Le primarie da più parti sollecitate suscitavano evidentemente diffidenza e preoccupazione per alcuni. Alla fine hanno deciso di fare una pausa di riflessione e rinviato l’appuntamento per definire la leadership della coalizione, atteso che le indicazioni in campo hanno creato non poco smarrimento tra gli stessi partiti ma soprattutto tra l’elettorato e i sostenitori del centro sinistra. Stante alle discussioni da più parte emerse in incontri più o meno ufficiali, di piazza, di ‘camini’ ecc.
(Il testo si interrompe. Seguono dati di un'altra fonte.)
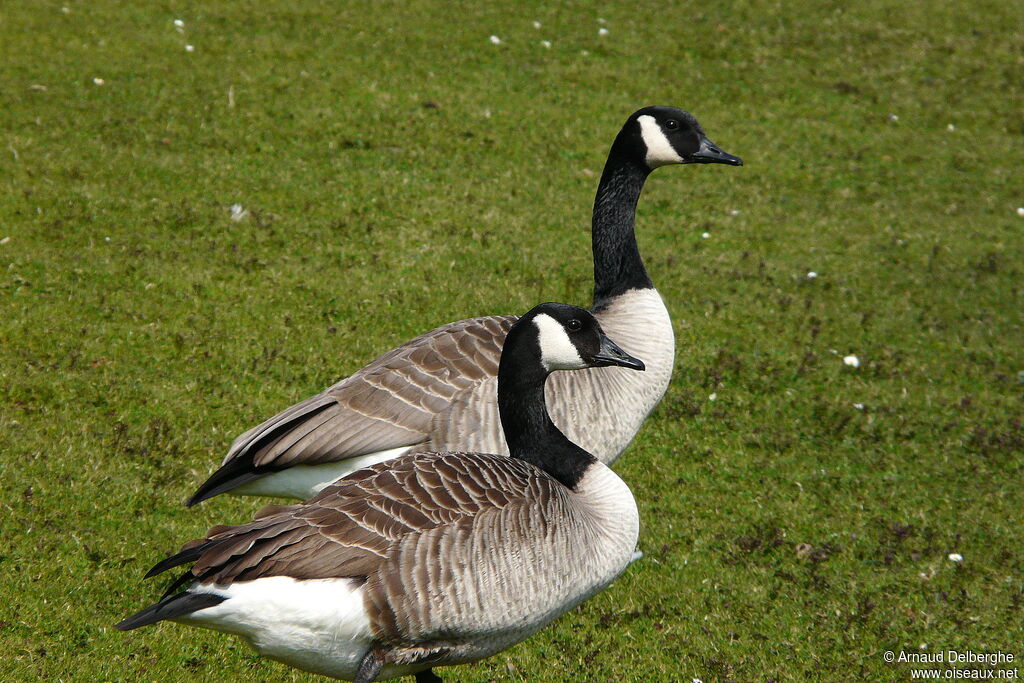 Canada Goose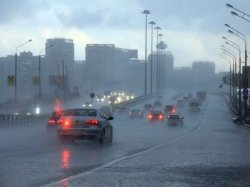 Москвичей просят быть внимательными на дорогах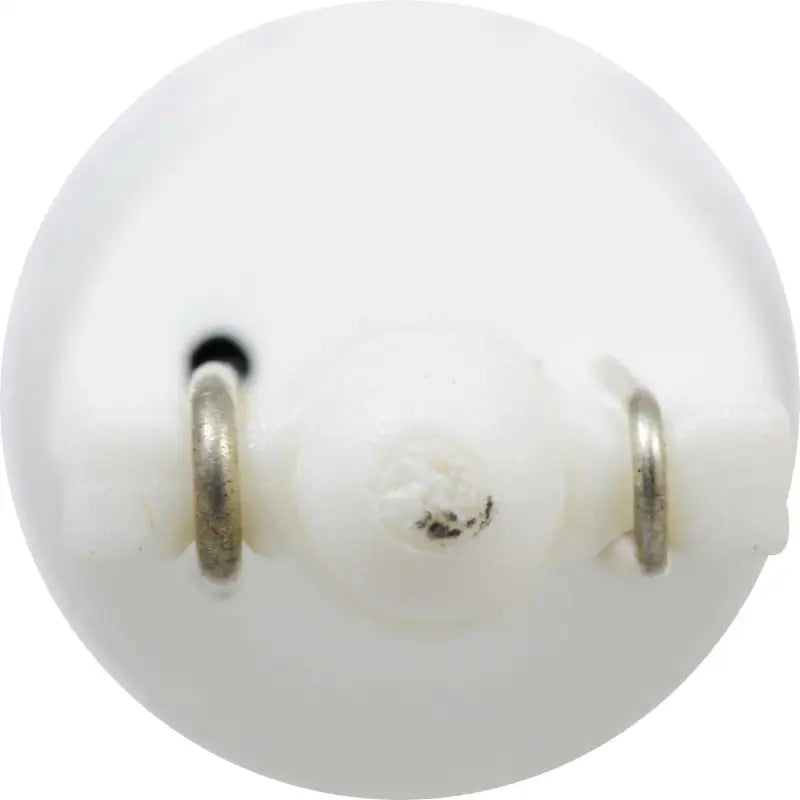 194BSL.BP Roof Marker Light Bulb - LED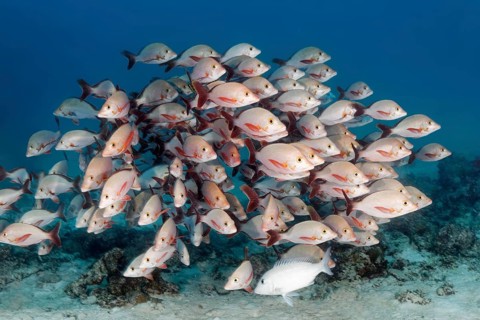 Fish shoal Humpback Red Snapper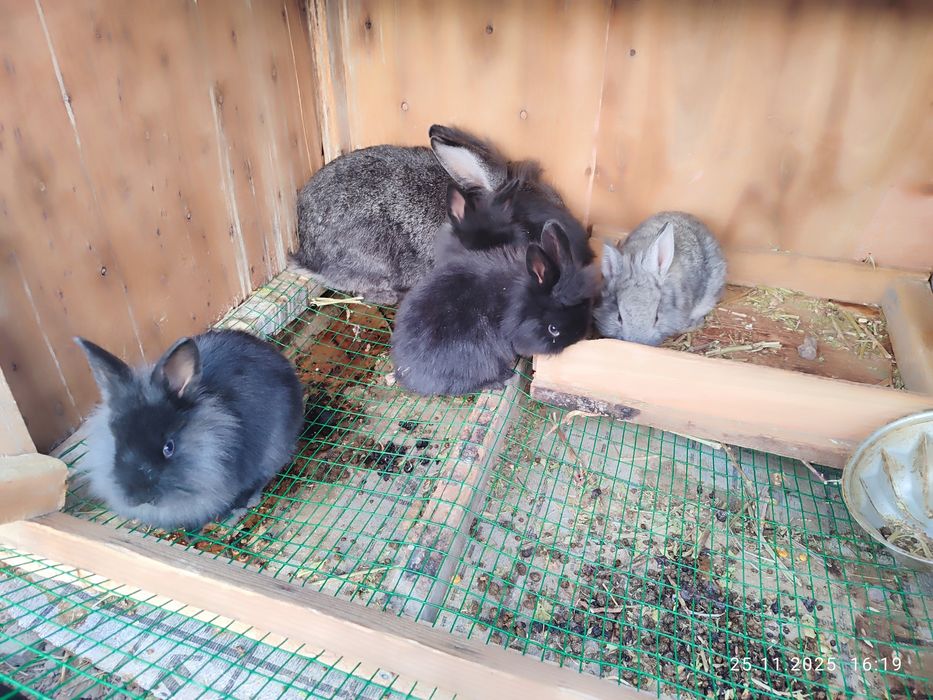 Ona bola quyonla sotiladi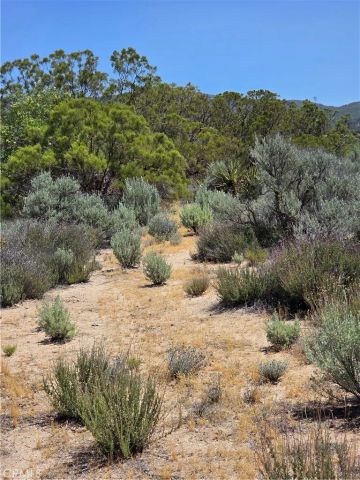 37230 Bautista Canyon, Anza, CA 92539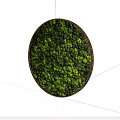 Lush Green Living Plant Wall Circular Design For Indoor Interior Decor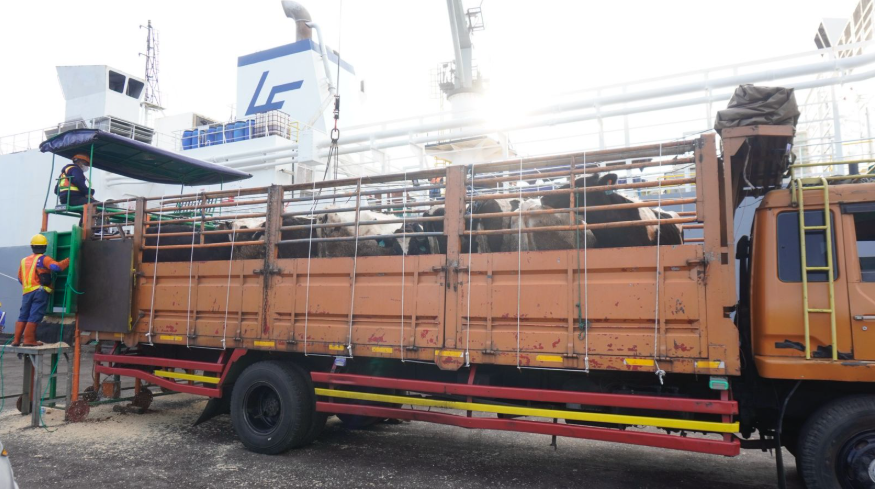 1.213 Sapi Perah Bunting Tiba di Cilacap, Bukti Nyata Kemitraan Swasta dan Peternak Rakyat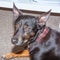 Black dog - old mixed breed rescue dog mongrel sleeping in living room on grey carpet - sad pet missing his owner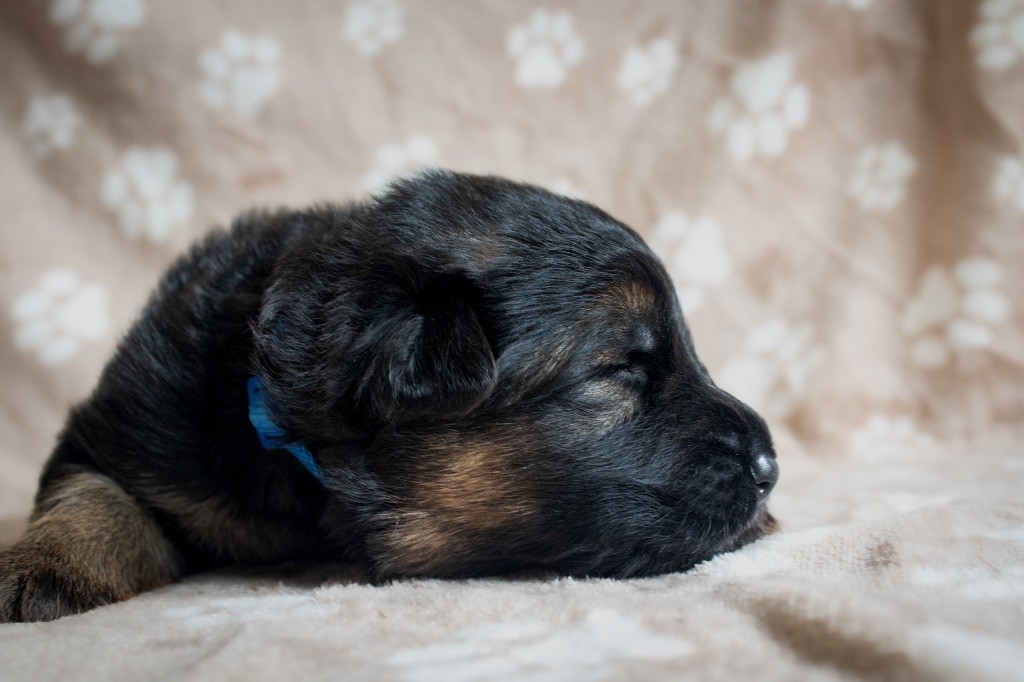 du domaine d'Amandine - Chiots disponibles - Berger Allemand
Insomma una vera e propria sollevazione per la piega che sta prendendo la questione della guida nel centro sinistra, che non poco disappunto ha creato tra gli stessi iscritti ai partiti.

Senza una via di uscita che preveda la partecipazione della gente, e lo strumento delle primarie resta il più valido, anche in questo momento, e senza una franco confronto senza pregiudizi e passi indietro da più parte, il centrosinistra paretano resta smarrito e corre il rischio di disgregarsi ancora una volta in una competizione elettorale che nel momento storico anche per la nazione, richiede compattezza e identità precisa anche per contrastare lo strapotere berlusconiano.

Ancora una volta si corre il rischio di ricacciare l’elettorato in un semplice ruolo di esecutore e obbediente a ordini di scuderia, come un tempo il centralismo democratico dei partiti imponeva. I tempi sono cambiati e l’elettorato si sente libero di scegliere diversamente rispetto alle scelte imposte dai ‘padroni’ dei simboli. Il centro sinistra paretano non deve correre questo rischio, e il suo elettorato consapevole può e ha l’obbligo di operare in tal senso, pertanto può giungere anche ad organizzarsi autonomamente dalle forze politiche autoconvocandosi per ribadire la volontà di operare un radicale cambiamento di rotta in questa città. L’elettorato del centro sinistra probabilmente si dovrà far carico di questo onere, partendo dallo stesso manifesto dei valori sottoscritto che tanto ha fatto ben sperare all’epoca per il cambiamento e il rinnovamento della classe politica.

Le scelte fin qui non fatte, e la situazione di stallo attuale rischiano di far fallire il nobile progetto di cambiamento di Parete. Speriamo che il buonsenso e l’equilibrio delle forze politiche ritrovino la serenità e operino scelte appropriate per aggregare tutti e far vincere il centro sinistra. Le primarie… si è ancora in tempo a farle”.